[What to do]:
This exercise calls for an exact copy of the listing, with no pictures kept.

++++++++++++++++++++

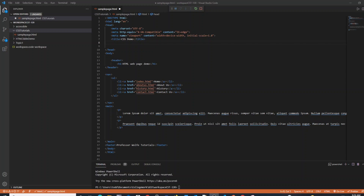This is a quick tutorial on how to add an external CSS file to your website. I currently have open my web page that I would like to add an external style sheet to.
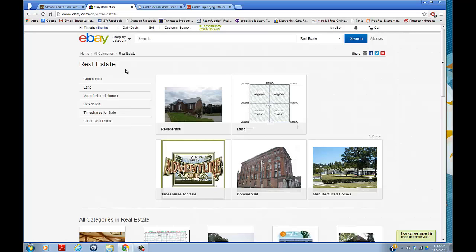I had nothing to base this off of. I didn't have a tax card to see what the value was, didn't know where the property was. Never been to Alaska, don't plan on going. I was just flying by the seat of my pants.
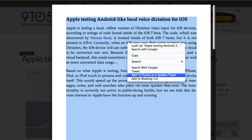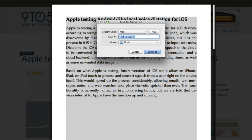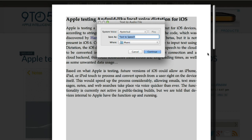You can also choose from a bunch of different voices. Some of them are weird, like 'Bad News': 'Isn't it nice to have a computer fit with...' And hysterical: 'Isn't it nice to have a computer fit with... We'll talk to you.'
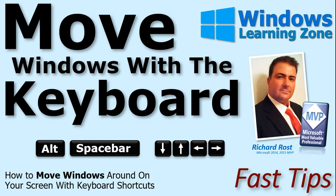Welcome to another Fast Tips video brought to you by WindowsLearningZone.com. I am your instructor, Richard Rost.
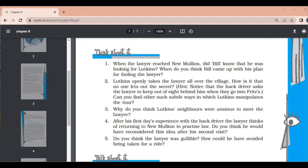What more does Bill say about Lutkins and his family? Bill admired Lutkins' talent for dishonesty. He said Lutkins is very mischievous and always up to something. He exaggerated details about Lutkins and his mother as well, and Bill suggested that Oliver Lutkins must be hiding behind his mother.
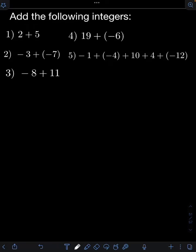Let's solve these problems. Add the following integers. So let's start with number 1: 2 plus 5.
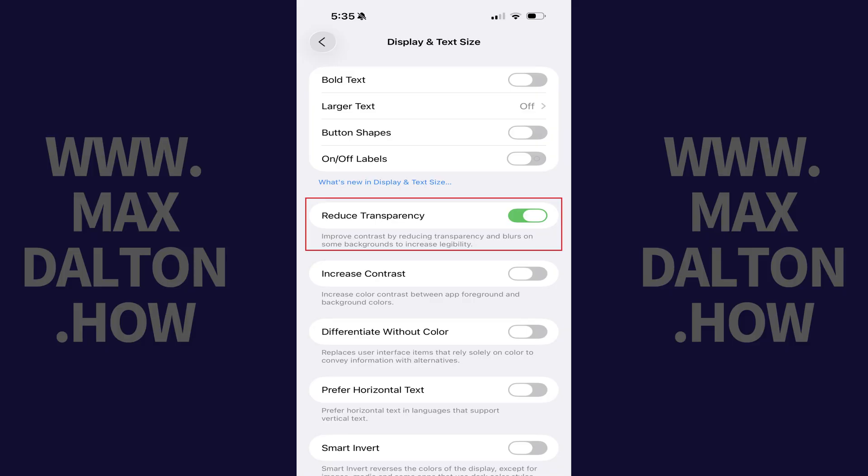You can navigate back to this section and toggle Reduce Transparency off at any time to re-enable the feature.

++++++++++++++++++++

[Answer space]:
This is a quick tutorial on how to add an external CSS file to your website. I currently have open my web page that I would like to add an external style sheet to.
I had nothing to base this off of. I didn't have a tax card to see what the value was, didn't know where the property was. Never been to Alaska, don't plan on going. I was just flying by the seat of my pants.
You can also choose from a bunch of different voices. Some of them are weird, like 'Bad News': 'Isn't it nice to have a computer fit with...' And hysterical: 'Isn't it nice to have a computer fit with... We'll talk to you.'
Welcome to another Fast Tips video brought to you by WindowsLearningZone.com. I am your instructor, Richard Rost.
What more does Bill say about Lutkins and his family? Bill admired Lutkins' talent for dishonesty. He said Lutkins is very mischievous and always up to something. He exaggerated details about Lutkins and his mother as well, and Bill suggested that Oliver Lutkins must be hiding behind his mother.
Let's solve these problems. Add the following integers. So let's start with number 1: 2 plus 5.
You can navigate back to this section and toggle Reduce Transparency off at any time to re-enable the feature.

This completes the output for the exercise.